Houve um custo alto, especialmente na manutenção de taxas de juros escandalosamente elevadas. Mas, graças a essa estratégia, Lula logrou chegar ao final do mandato completando o ciclo de inclusão com o país em paz, unido.
O ponto final nesse período e o início do novo ciclo dependeria fundamentalmente de como se daria a sucessão de Lula.
Ao completar o primeiro ano de governo com os índices atuais de aprovação, Dilma Rousseff confirma que Lula acertou sua última aposta.
Os próximos desafios
Até agora, Dilma mostrou ser capaz de consolidar o modelo Lula, de criação de um forte mercado de consumo interno. É bom, mas é pouco. Para inaugurar oficialmente a próxima etapa do país, terá que promover um salto qualitativo no planejamento estratégico do país, conduzir uma reforma política à altura dos novos tempos, preparar o Estado brasileiro para o grande processo de consolidação do novo desenvolvimentismo.
O desafio do câmbio e juros
No política econômica, Dilma terá que ser mais ousada no desmonte da armadilha juros-. O BC deu início a um desmonte lento e gradual, que passa pela redução da taxa Selic e algumas medidas visando impedir a apreciação cambial. No máximo pretende-se um câmbio menos apreciado, mas ainda em níveis que impedem um salto de competitividade da produção brasileira. Cada dia de câmbio apreciado é um dia a menos na entrada na nova etapa.

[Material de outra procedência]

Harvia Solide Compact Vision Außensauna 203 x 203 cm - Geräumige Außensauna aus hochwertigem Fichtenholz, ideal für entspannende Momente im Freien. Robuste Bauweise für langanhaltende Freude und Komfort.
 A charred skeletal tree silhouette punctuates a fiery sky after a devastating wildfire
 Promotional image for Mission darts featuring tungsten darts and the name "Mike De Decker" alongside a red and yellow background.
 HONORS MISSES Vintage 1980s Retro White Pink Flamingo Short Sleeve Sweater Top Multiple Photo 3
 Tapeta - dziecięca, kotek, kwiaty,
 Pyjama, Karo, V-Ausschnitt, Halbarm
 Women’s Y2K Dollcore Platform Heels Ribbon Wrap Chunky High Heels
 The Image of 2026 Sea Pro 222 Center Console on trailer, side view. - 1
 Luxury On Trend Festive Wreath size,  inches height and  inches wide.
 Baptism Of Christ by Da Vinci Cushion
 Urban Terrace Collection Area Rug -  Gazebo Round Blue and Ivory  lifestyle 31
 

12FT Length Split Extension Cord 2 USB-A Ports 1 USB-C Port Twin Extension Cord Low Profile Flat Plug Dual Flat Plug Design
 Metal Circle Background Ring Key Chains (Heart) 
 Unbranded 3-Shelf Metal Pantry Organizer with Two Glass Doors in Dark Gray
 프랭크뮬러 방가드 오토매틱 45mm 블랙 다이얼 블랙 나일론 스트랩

A criação de uma nova oposição
O fim político de José Serra abre espaço para a reconstrução da oposição, ponto central para a alternância democrática. O importante é que movimentos de oposição e situação não se situarão em polos opostos. Hoje em dia há consenso sobre a importância da responsabilidade fiscal, do controle da inflação, da busca do desenvolvimento e, acima de tudo, dos compromissos sociais de eliminação da pobreza.
Se Serra tivesse vencido - 1
O maior risco que a democracia brasileiro enfrentou, desde a redemocratização, foi a eventualidade da eleição de José Serra. Nenhum outro candidato do PSDB – Geraldo Alckmin, Aécio Neves – ou do PT representaria risco de desestabilização política. Serra, sim. Ao contrário de FHC e Lula, tem um estilo autoritário, vingativo, incapaz de conviver com o contraditório e incapaz de administrar realidades complexas, como um país.
Se Serra tivesse vencido – 2
A revelação de seu estilo subterrâneo, de recorrer a brigadas de arapongas, levantando dossiês contra adversários e aliados – Paulo Renato de Souza, Aécio Neves – comprovam que, eleito, Serra lançaria o país em uma crise política interminável. Pior: as revelações do livro “A Privataria Tucana” mostram que seria um presidente extremamente vulnerável, facilmente exposto a um processo de impeachment.